Rachel Seiffert has I believe written four previous novel. Her debut “The Dark Room” was shortlisted for the 2001 Booker Prize. Her next three novels: “Afterwards”, “The Walk Home” and “The Boy In Winter” were all longlisted for the Women’s Prize in 2007, 2015 and 2018 respectively.
So this her fifth novel (and the first I have read – and as it happens due to be published on the same week that the 2025 Women’s Prize longlist is announced) has to be considered as a prize contender, particularly as it returns to the broad themes and setting of her first and last books (the first three novellas connected to Germany and World War II, the last set in 1941 as the Nazis “cleanse” a Ukrainian village). The author herself is fluent in German and English and the book does feature some translated and untranslated German terms and brief dialogue.
A brief foreword sets up the idea of the book
At the start of 1945, up to 850,000 British and American soldiers were arriving at Germany’s western border. Across in the east, one million Soviet troops were closing in on Berlin. Six years of fighting and twelve years of Nazi rule had already displaced millions of civilians – among them were legions of forced labourers, mostly Poles and Ukrainians, brought to Germany from the lands it occupied and put to work in its war industries. As the Allies closed in, upwards of six million workers were still held there, scattered across cities and towns and villages, awaiting war’s end.
The setting is a town in the West of Germany – noteable perhaps only for its factory staffed by workers from Poland and the East (Polacks and Ostarbeiter) – and the book takes place over around a year from March 1945), moving between different third party points of view, of which the initial cast include: Benno – a member of the Hitler Youth and his brother Udo, son of the town policeman;
Hanne – wife of Gustav a labourer - their son Kurt having been wounded on the Eastern Front; Emmy – wife of Arno(ld) the town schoolmaster whose goes along with the Nazi regime to the smallest extent possible, including refusing to let his children Freya and the younger Ursel to join the Hitler Youth; Ruth – son of a Polish Jewish émigré in England who comes to the town as a Red Cross Nurse.
The British Army liberate the factory – rather shocked at the condition of the workers – and quickly turn it into a Displaced Persons camp which rapidly grows over time as more and more Displaced Persons arrive or are sent there (mostly but not entirely from the East, many if not most worried about friends, families, children from whom they have been separated).
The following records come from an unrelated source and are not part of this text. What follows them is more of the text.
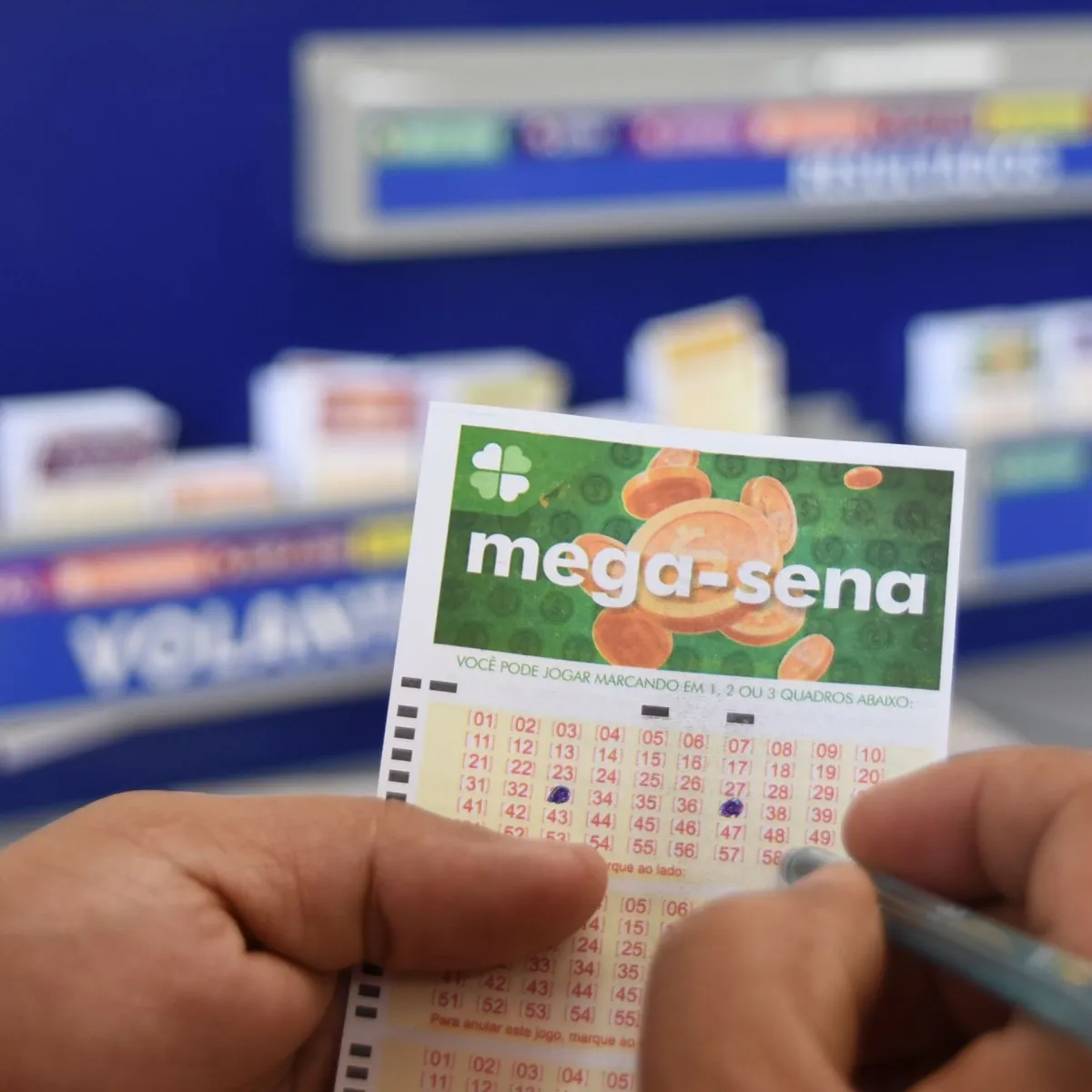 Mega Sena acumula e pode pagar R$ 100 milhões neste domingo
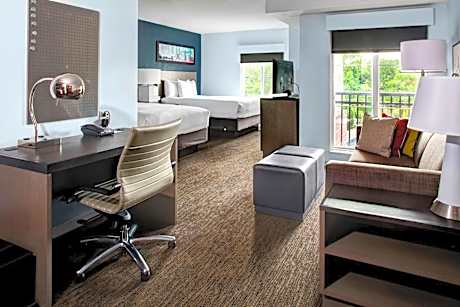 Queen Suite with Two Queen Beds and Accessible Shower - Disability Access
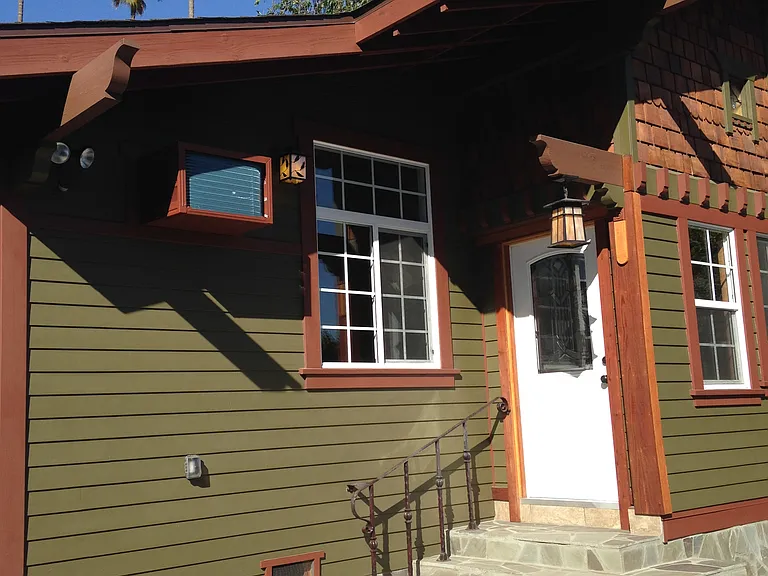 708 Earlham St — Photo 6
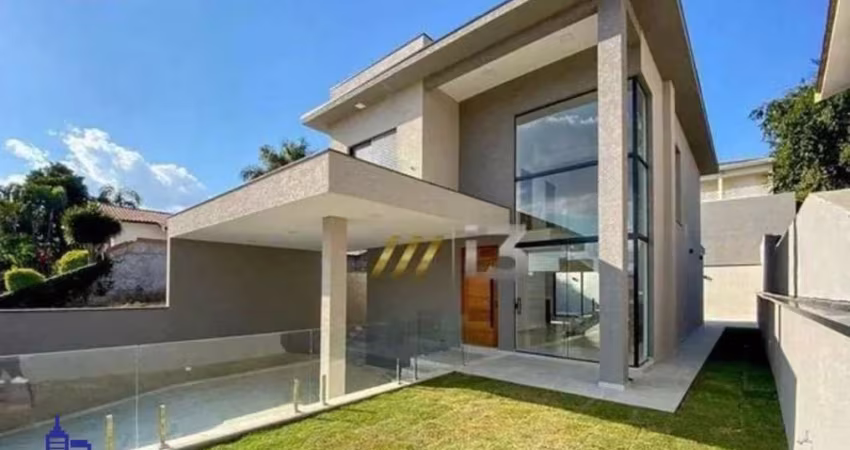 EXCELENTE CASA DE ALTO PADRÃO COM 360 M²/3 SUITES/4 VAGAS/PISCINA/ ÁREA GOURMET À VENDA NO CONDOMINIO FECHADO ARCO IRIS EM ATIBAIA
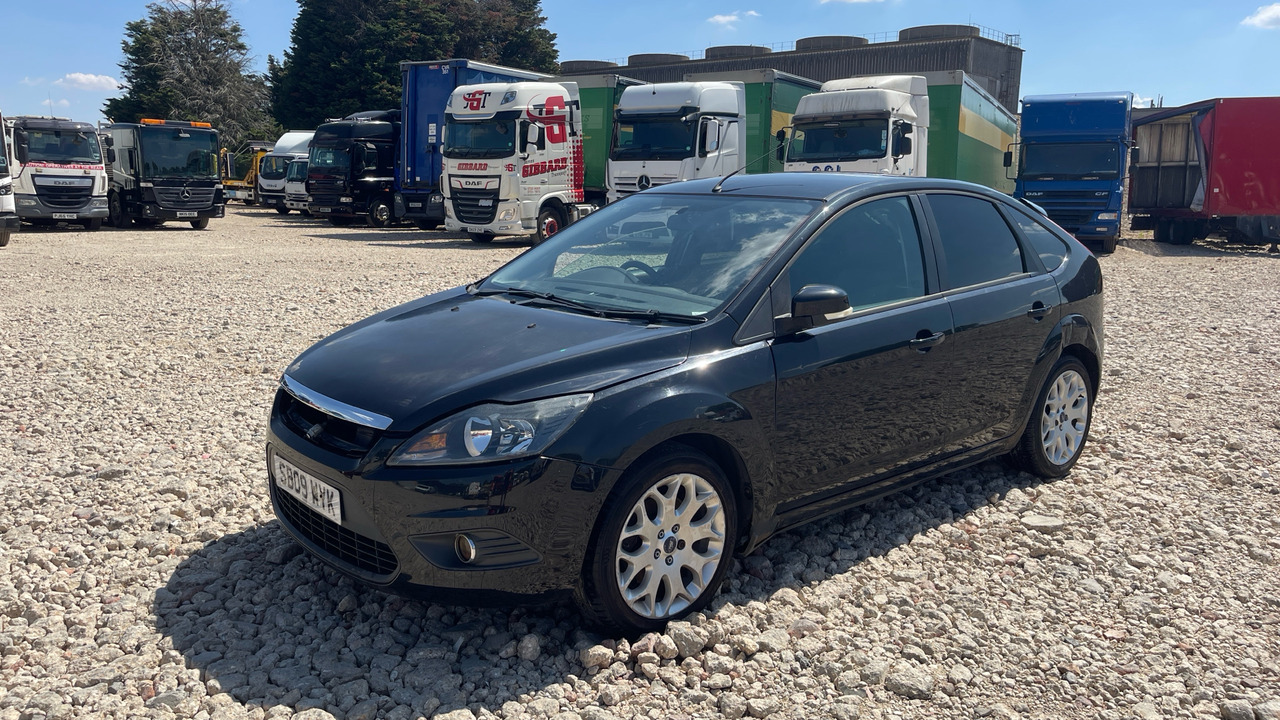 FORD FOCUS 115 1.8 TDCI - Hatchback: fotoğraf 2 FORD FOCUS 115 1.8 TDCI - Hatchback: fotoğraf 2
And most of the story roughly alternated between the DP camp (often seen via Ruth but with a wider cast of characters – including two children) and the town (as the different townsfolk come to terms or not with their defeat, the British occupation and the presence of the DP camp). Sources of narrative tension and development include: the townfolk waiting for their arrested husbands/fathers or captured/wounded sons to be returned; the DP’s concerns about their missing being added to post Yalta as they realise the British have agreed to return them to their now Russian-occupied home towns; Gustav and Hanne’s dilemma about what to do about a baby who was abandoned near the house by an escaping Ostarbeiter; Ruth’s dilemma as to what to do best both for the two children and for a elderly Pole who translates for her (and sometimes us!).
There is a underlying sense that something mysterious (and likely sinister) has occurred – partly from the town’s memories of a night when a convoy of walking workers (including women) travelled through the town and sirens were sounding – the same night the baby was abandoned; partly from stories Ruth picks up from the DPs and tries to draw to the attention of the British authorities - of people moved on from this and other factories whose whereabouts are unknown; and all seems connected also to a sense of mystery/menace around a deserted water mill above the town.
And two late chapters which switch to different views – one by a British Major who literally stumbles across what has been hidden near the mill, another by the girl who abandoned the baby – confirms what we had largely expected.
Overall I felt this was a very competently written and very worthwhile book – illuminating a large group of people largely written out of history and sensitively dealing with the views of a range of people to the war’s immediate aftermath in English occupied Germany. However, one that is perhaps too conventional in literary terms for my preferences – notwithstanding that I can see it making prize lists (the Walter Scott Prize for 2026 would be one deserved possibility).